↓

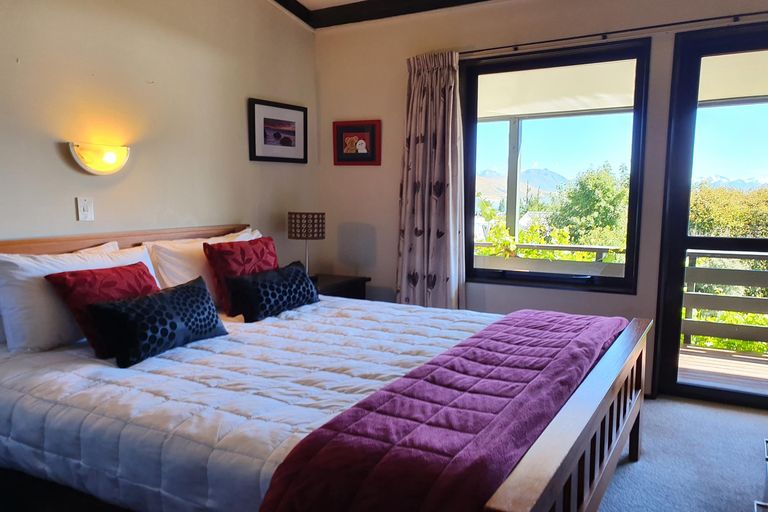 Photo of property in 25 Murray Place, Lake Tekapo, 7999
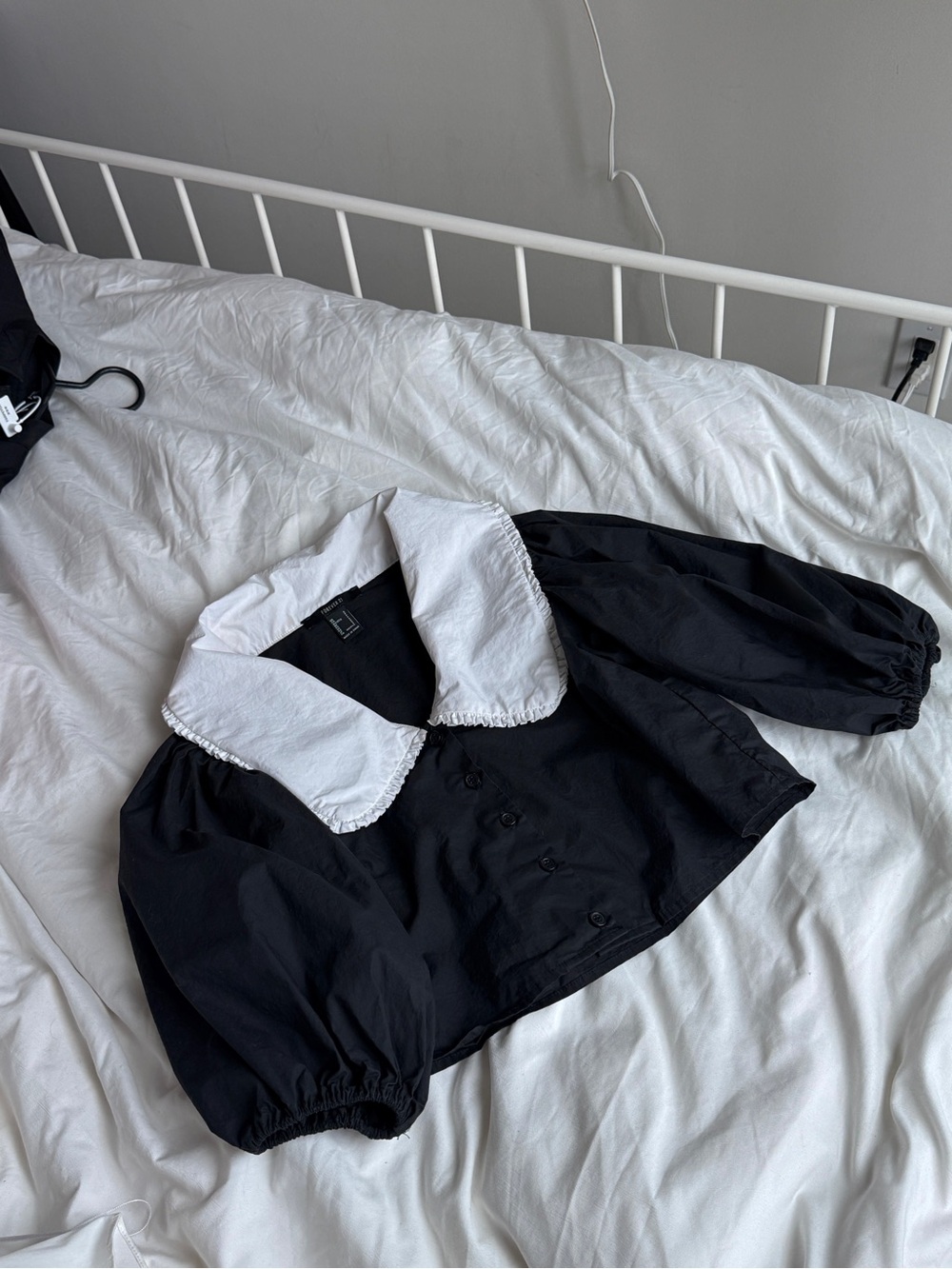Black Cropped Puff Sleeve Shirt with White Peter Pan Collar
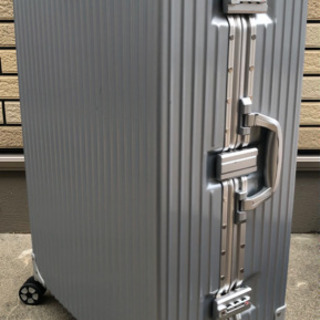 kroeus（クロース）スーツケース  アルミ合金ボディ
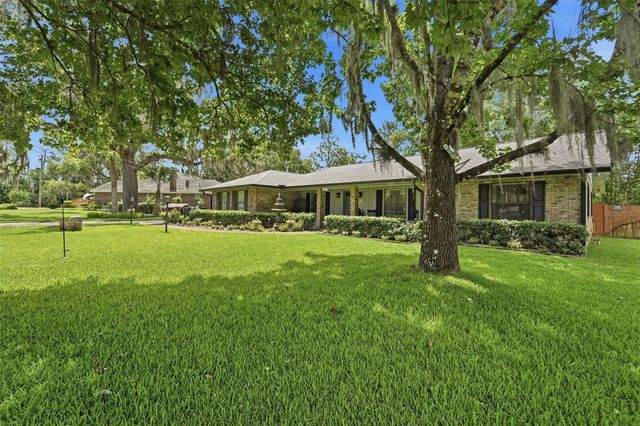 386 LAKE CHARLES ROAD, Deland, FL 32724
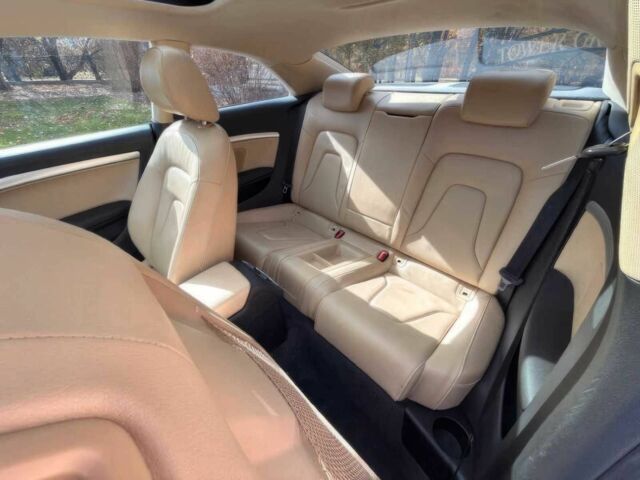 Белый Ауди А5, объемом двигателя 2 л и пробегом 76 тыс. км за 3500 $, фото 9 на Automoto.ua
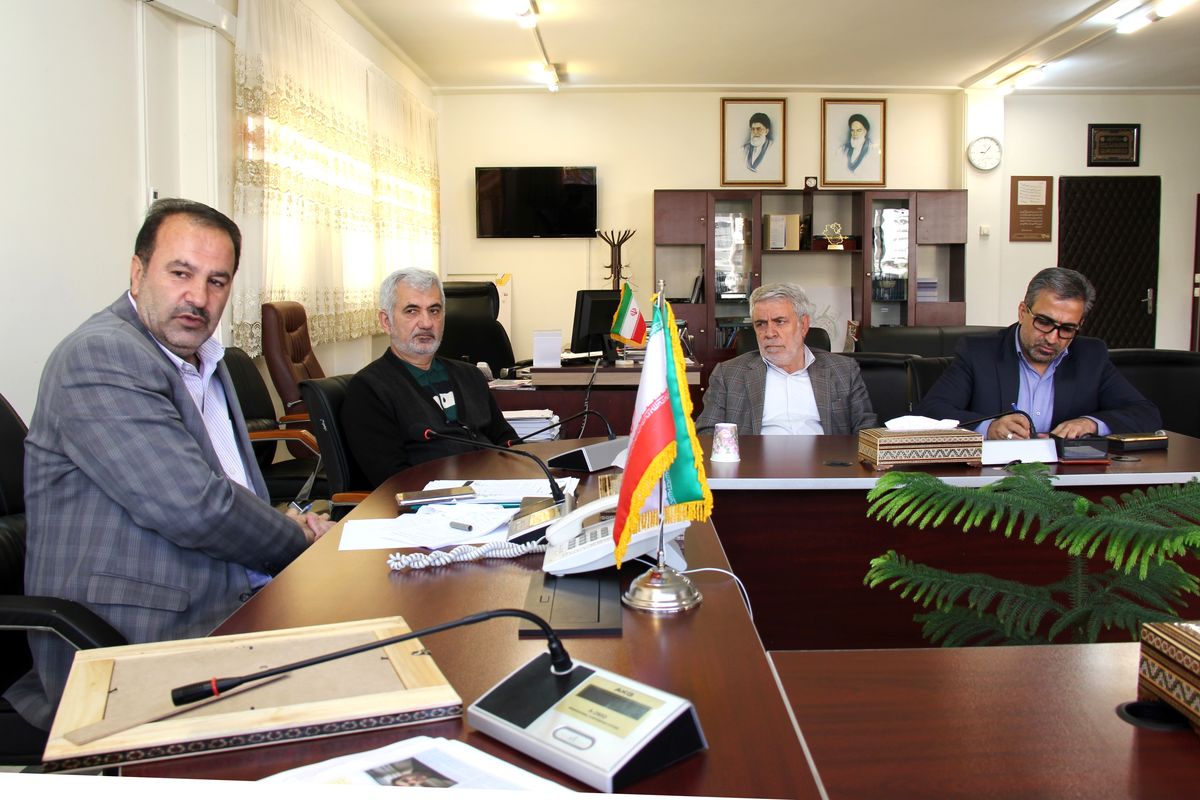 نشست هیئت امنای انجمن خیرین مسکن ساز استان فارس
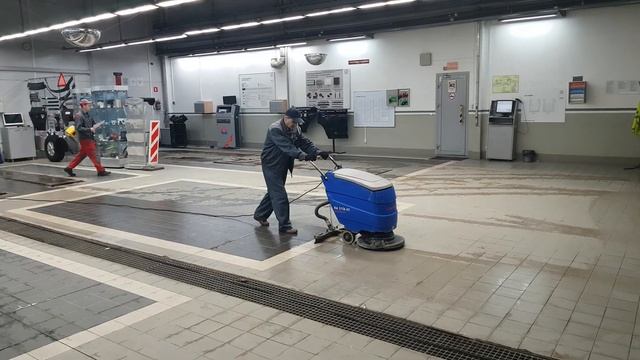 Уборка ремзоны автосалона смотреть онлайн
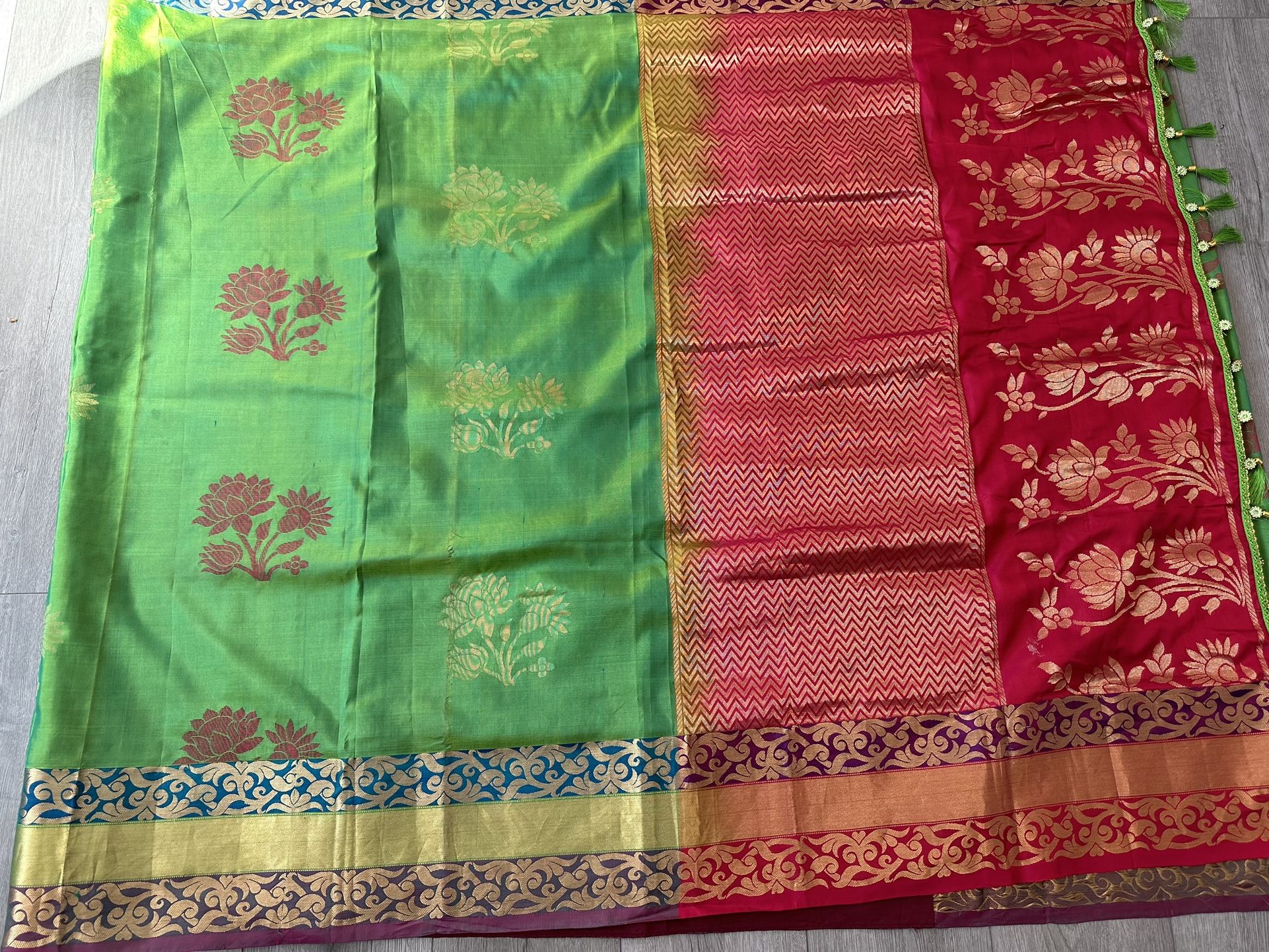 New Never Worn Indian Saree With Blouse Fits 38-40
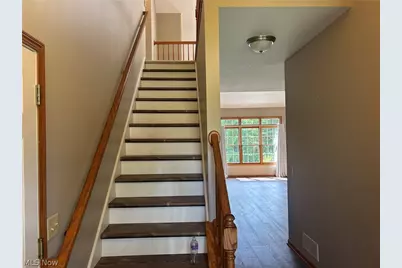 1136 Pine Bluff Drive NE, New Philadelphia, OH 44663 - Photo 4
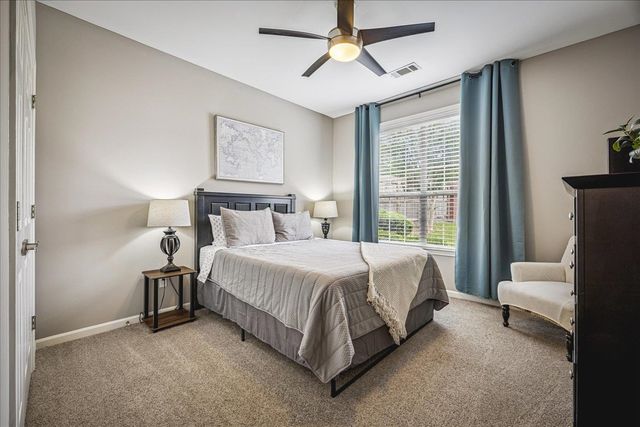 10450 KENSINGTON CIR, Collierville, TN 38017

↑

● EXERCISE OBJECTIVE
Only the lines from the one containing "Black Cropped Puff" through the last line of the data may appear in the answer, each given again exactly and with pictures left out.

● TASK OUTPUT
Black Cropped Puff Sleeve Shirt with White Peter Pan Collar
 kroeus（クロース）スーツケース  アルミ合金ボディ
 386 LAKE CHARLES ROAD, Deland, FL 32724
 Белый Ауди А5, объемом двигателя 2 л и пробегом 76 тыс. км за 3500 $, фото 9 на Automoto.ua
 نشست هیئت امنای انجمن خیرین مسکن ساز استان فارس
 Уборка ремзоны автосалона смотреть онлайн
 New Never Worn Indian Saree With Blouse Fits 38-40
 1136 Pine Bluff Drive NE, New Philadelphia, OH 44663 - Photo 4
 10450 KENSINGTON CIR, Collierville, TN 38017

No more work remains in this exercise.